My brain is only good for one complete thought per day. As of this week, the number has been drastically reduced. Today I commented on Our Growing Family and said something like this:
**Not that it makes a difference to your reading, but the writing of this post was interrupted by an impromptu family dance party. I firmly believe that nothing brings a family closer together than a family dance party, especially when the toddlers have more rhythm than the parents. If you don’t believe me, leave your inhibitions at the door and try it. You will thank me.**
Leo and I were at a conference a couple of years ago and Robert Gelinas, a pastor from Colorado, spoke on living the life of the cross. The one lesson he gave that impacted me more deeply than the rest was when he spoke of being on loving as Christ and being an adoptive parent. The premise is that Jesus accomplished certain things on the cross. For us to be people of the cross we need to do those things on behalf of others.

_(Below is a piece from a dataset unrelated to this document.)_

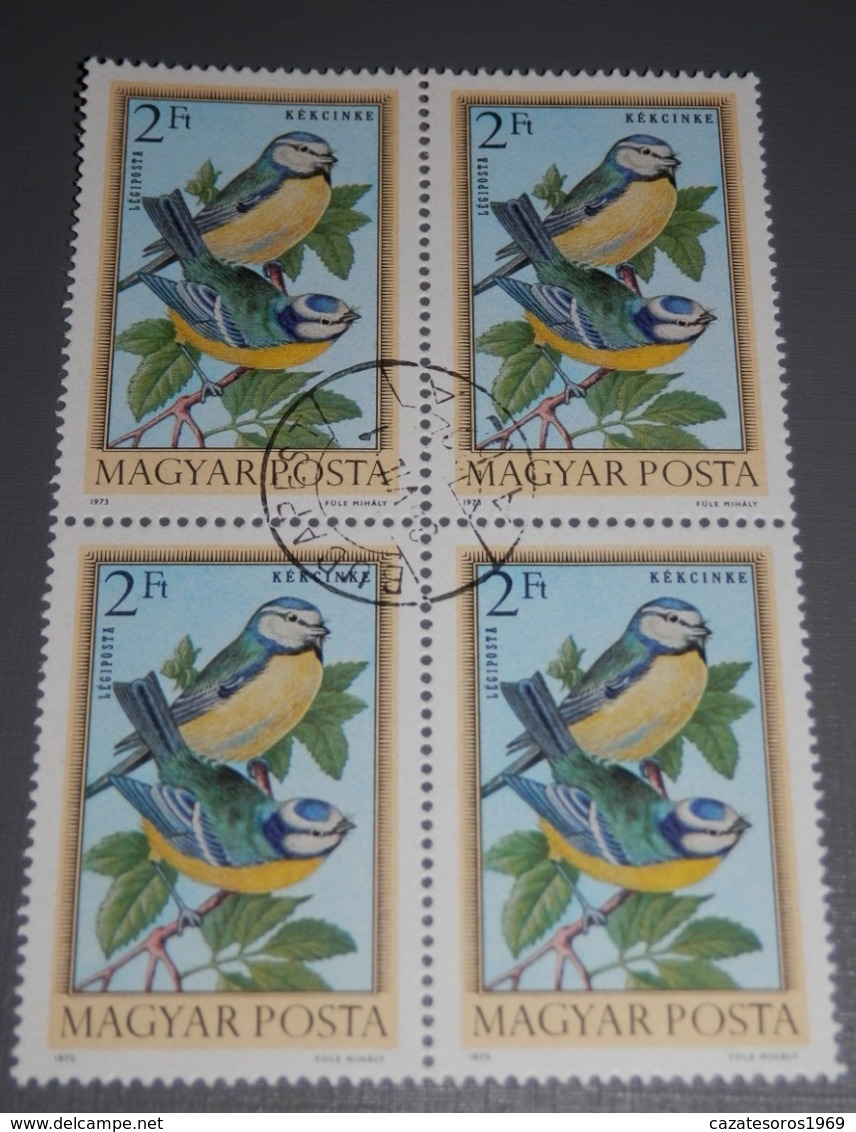 LOT TIMBRES DE HONGRIE - Sonstige & Ohne Zuordnung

One of the things Jesus did was to absorb the pain that was meant for us.
As foster parents we get to do that daily. Our children are wounded and hurting. Their spirits, egos and hearts are bruised and they are sad and angry. Often, before they even know they possess it, they’ve lost their dignity. At a surprisingly young age, they need to be angry at someone and it’s difficult, impossible, perhaps even more painful to be angry at their parents. Parents are people they should love and are designed to love near unconditionally.
Our job is to stand in place for their parents. To be there to take their anger and sadness and help them feel it and release it. We give them a chance to be free of the burdens they carry, if only for a time.

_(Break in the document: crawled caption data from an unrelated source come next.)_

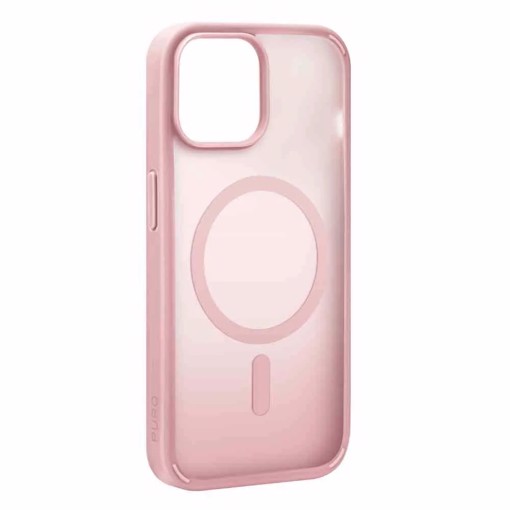 PURO PUIPC1561GRADIENTLGR custodia per cellulare 17 cm (6.7") Cover Rosa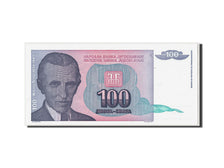 Banknote, Yugoslavia, 100 Dinara, 1994, UNC(65-70)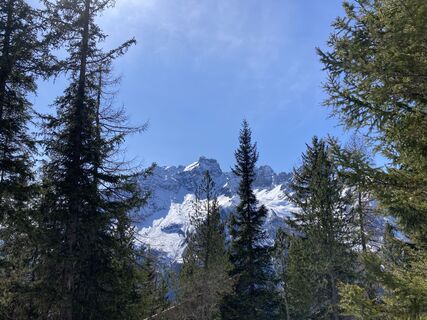 Fotografia z Marilena Locatelli na trase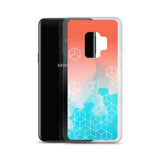 Abstract Samsung Case - Smilevendor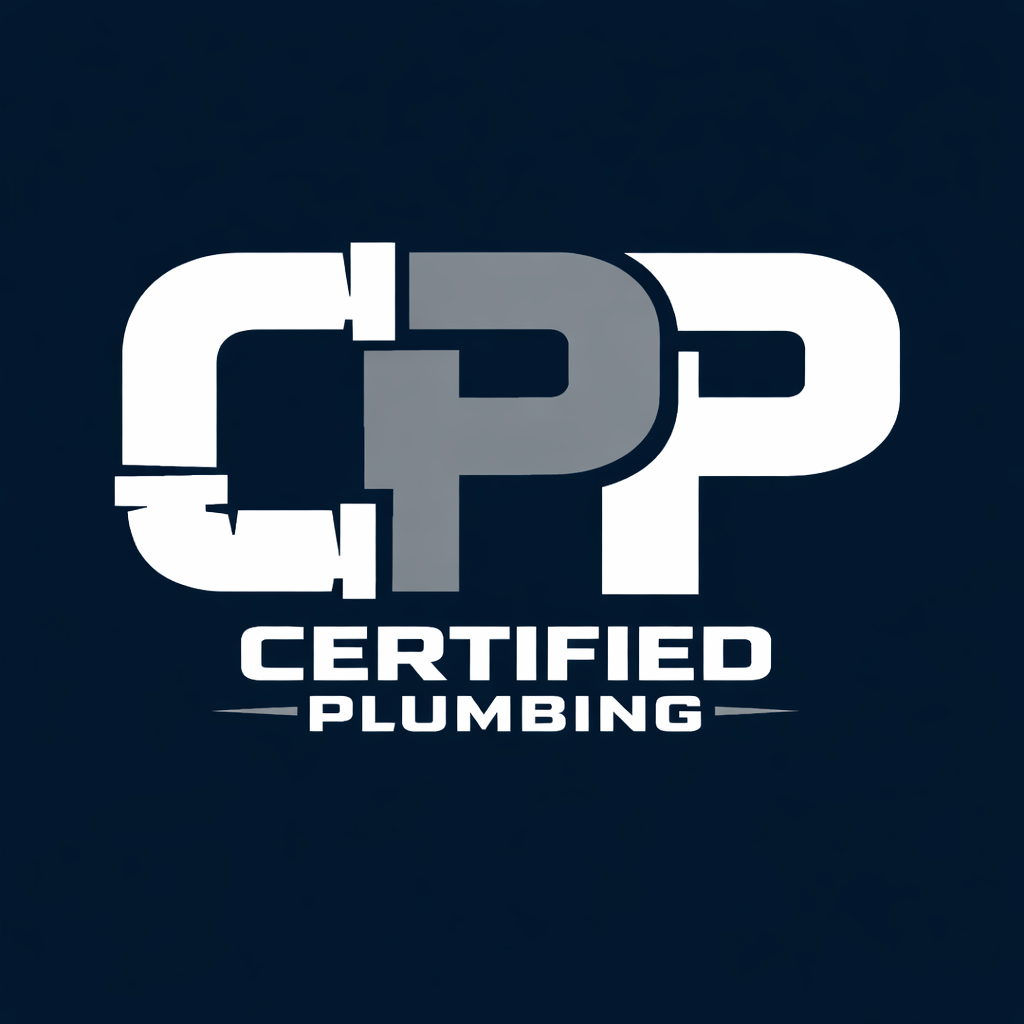 Logo-Design von BEANDESIGN^_^ für Certified Plumbing Professionals  | Design #36779408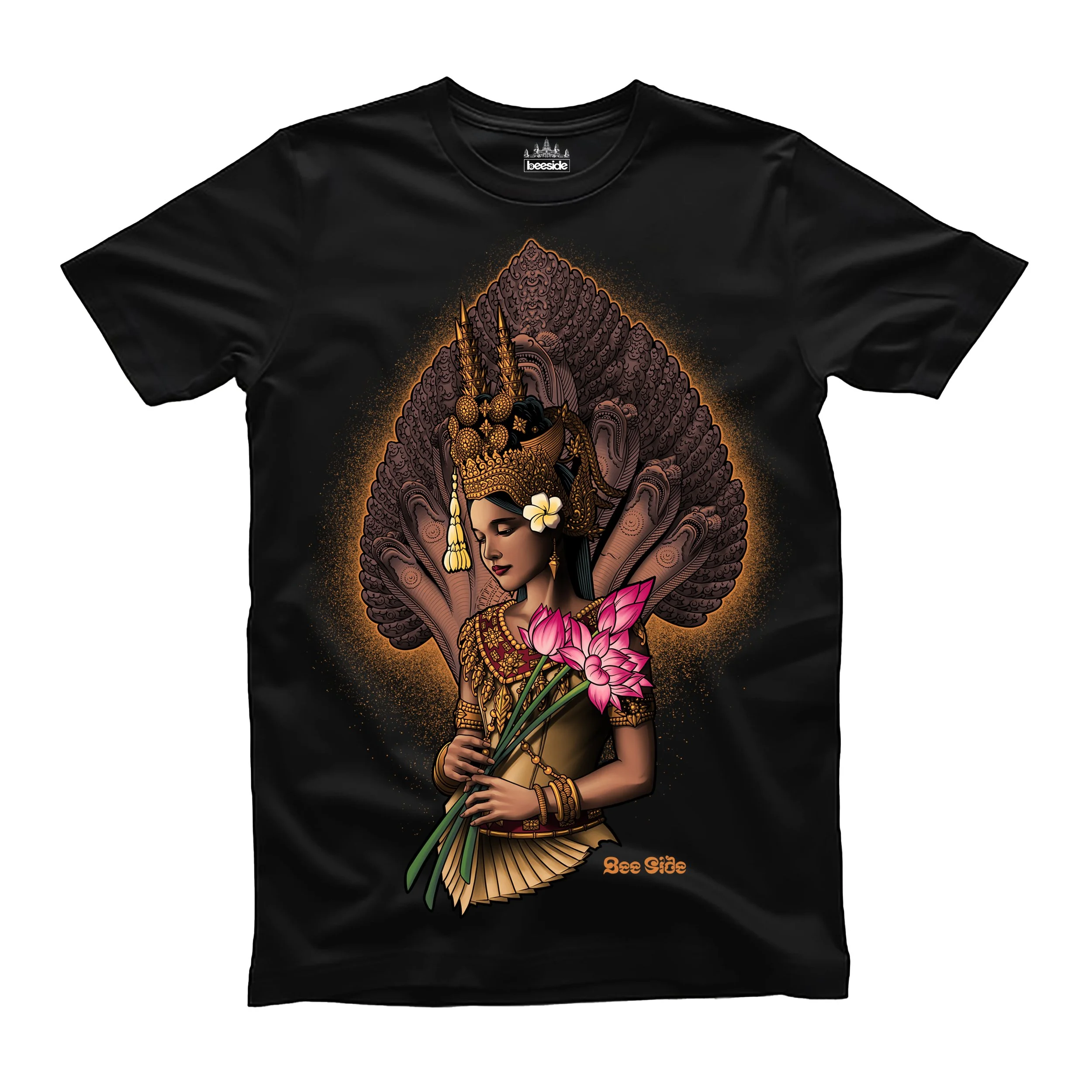 Protected by the Naga Tee.jpg
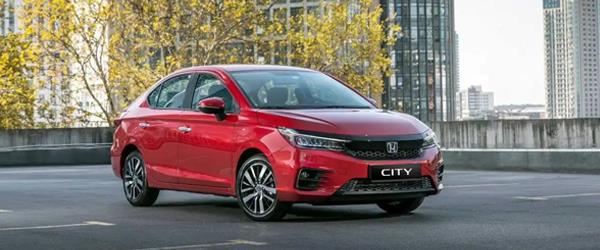 Honda City Eylül Ayı Güncel Fiyat Listesi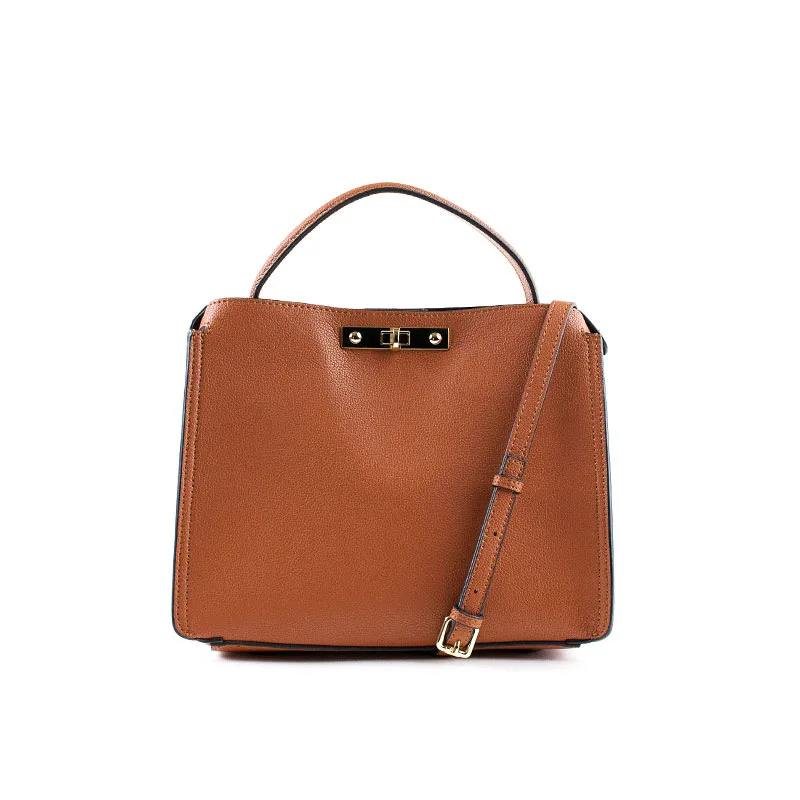 LOEIL Leather ladies bag European and American fashion handbags shoulder Messenger bag cowhide handbags bag LOEIL Leather ladies bag European and American fashion handbags shoulder Messenger bag cowhide handbags bag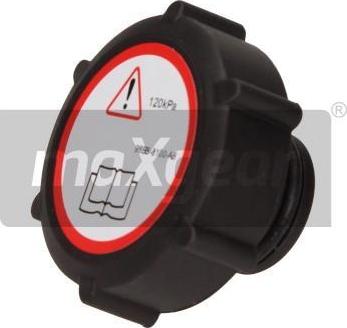 Maxgear 28-0392 - Крышка, резервуар охлаждающей жидкости unicars.by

To be people of the cross, people who embody the love of Christ, we have the opportunity and honor to withstand the pain the children carry and need to release, and to shield their parents (especially when they don’t deserve it) from that pain.
It’s exhausting. It’s painful. It’s infuriating. But through the mercy of the Cross and the work of Christ in us, we are renewed each day. We have someone who can absorb our pain, and who fills us with an endless (though it always seems in short supply) of love. Every time a child spews pain, anger, or sadness we are (or rather, we try to be, though I personally don’t often do it well) the love of Christ.